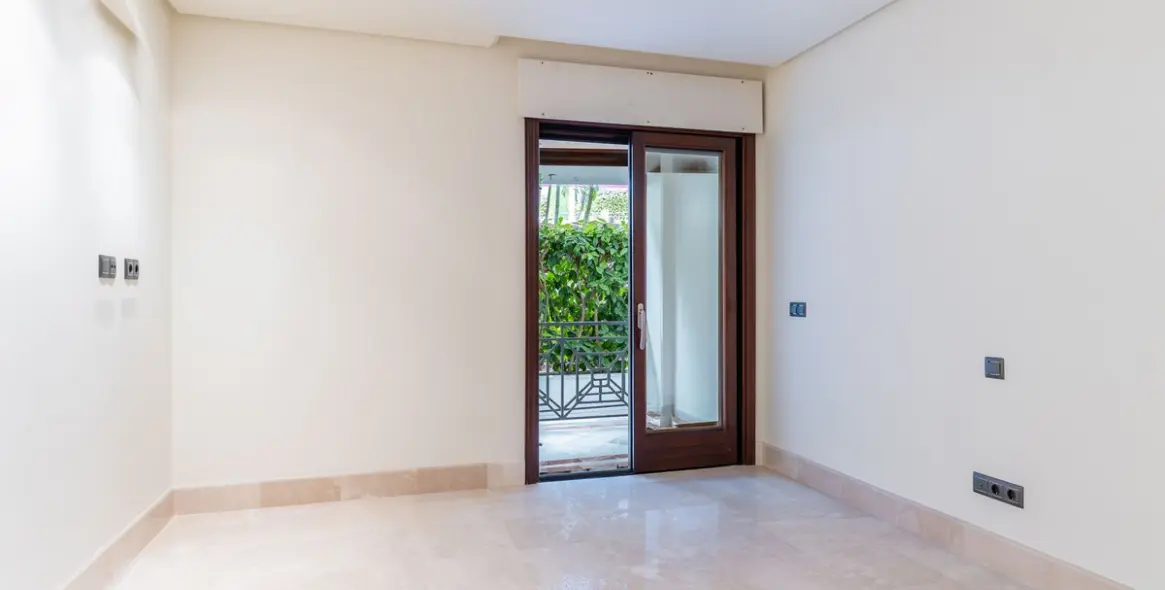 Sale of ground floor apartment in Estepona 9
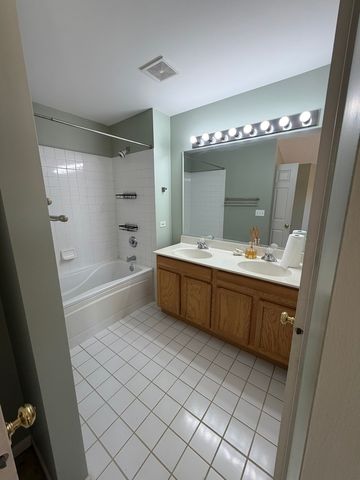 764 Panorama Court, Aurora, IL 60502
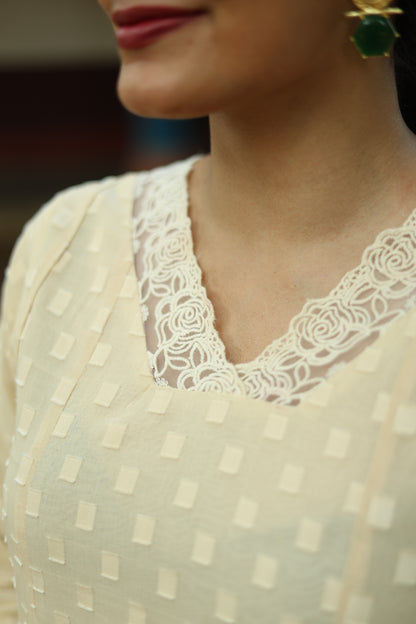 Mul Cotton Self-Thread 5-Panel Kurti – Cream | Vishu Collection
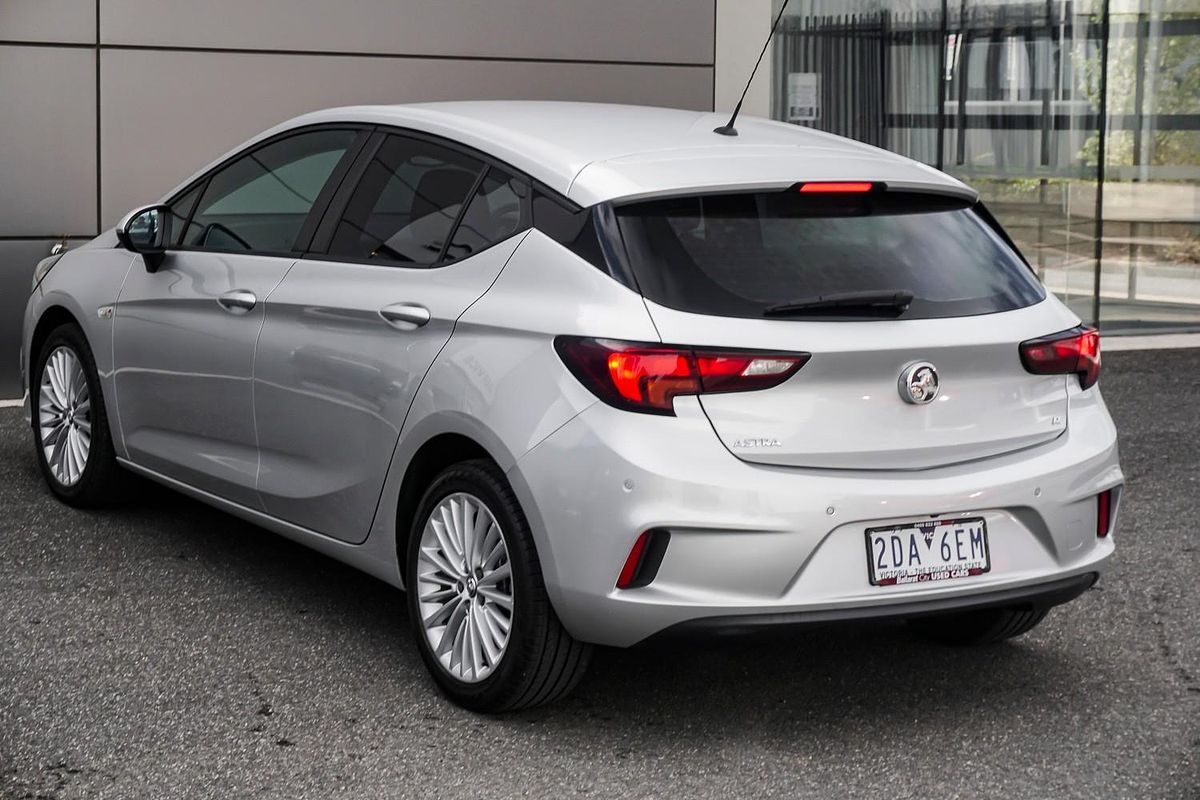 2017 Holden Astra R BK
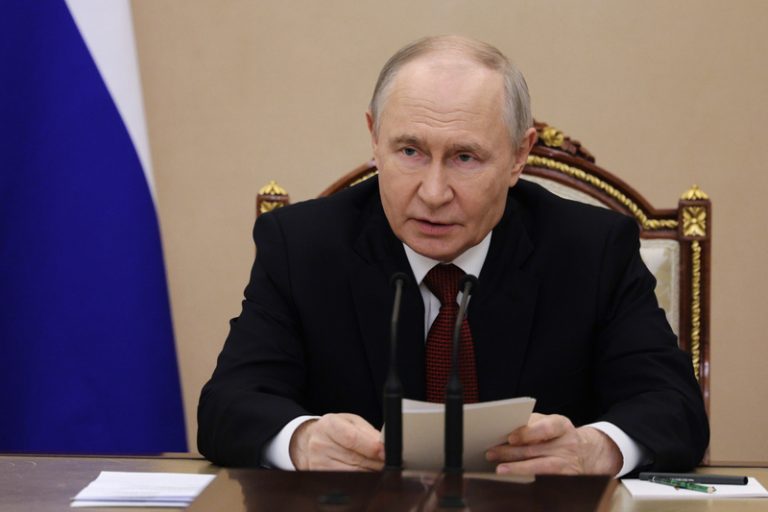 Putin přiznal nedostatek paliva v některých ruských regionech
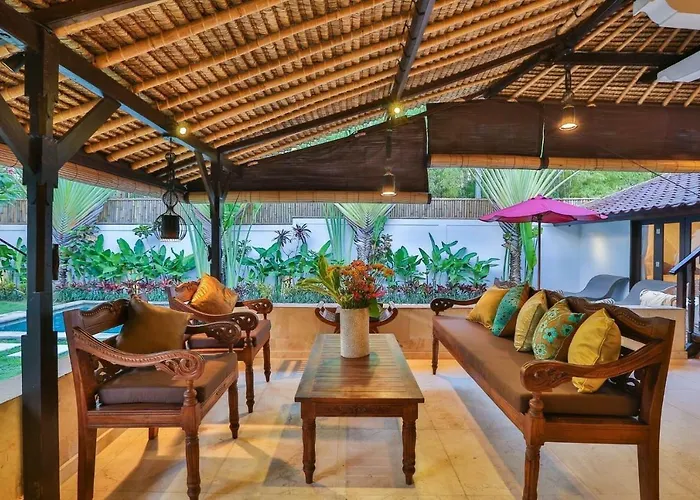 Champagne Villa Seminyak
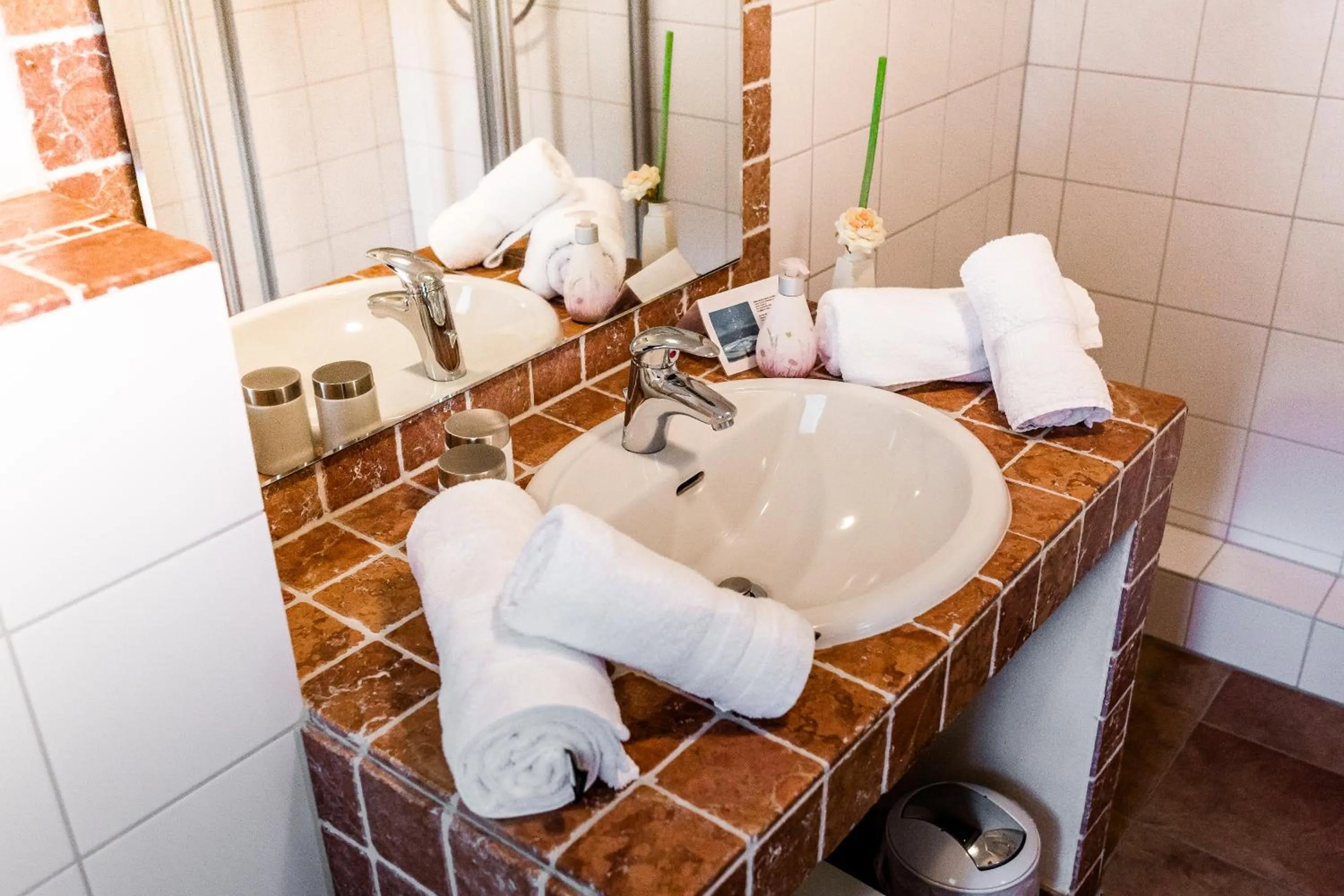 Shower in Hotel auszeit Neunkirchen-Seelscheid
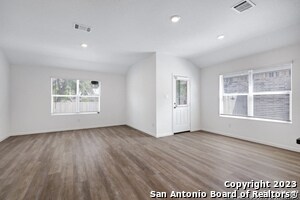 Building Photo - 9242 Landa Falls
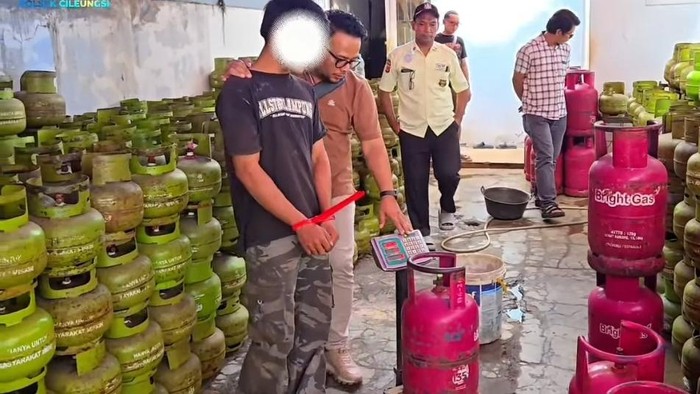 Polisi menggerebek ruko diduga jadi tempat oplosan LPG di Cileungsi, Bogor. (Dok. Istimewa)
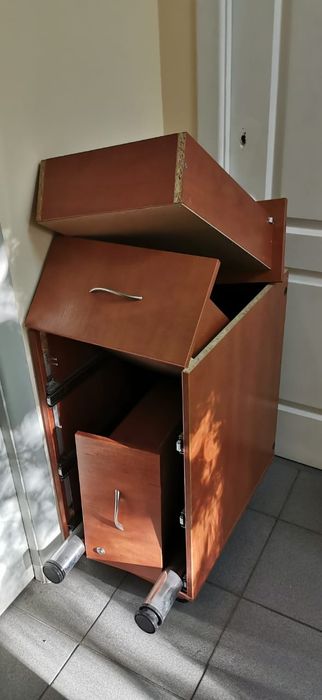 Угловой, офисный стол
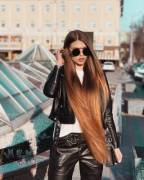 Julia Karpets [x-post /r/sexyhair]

______________________________

YOUR OBJECTIVE: Give back every line of the material exactly as written, but not the pictures.

SOLUTION TO THIS TASK:
 Sale of ground floor apartment in Estepona 9
 764 Panorama Court, Aurora, IL 60502
 Mul Cotton Self-Thread 5-Panel Kurti – Cream | Vishu Collection
 2017 Holden Astra R BK
 Putin přiznal nedostatek paliva v některých ruských regionech
 Champagne Villa Seminyak
 Shower in Hotel auszeit Neunkirchen-Seelscheid
 Building Photo - 9242 Landa Falls
 Polisi menggerebek ruko diduga jadi tempat oplosan LPG di Cileungsi, Bogor. (Dok. Istimewa)
 Угловой, офисный стол
 Julia Karpets [x-post /r/sexyhair]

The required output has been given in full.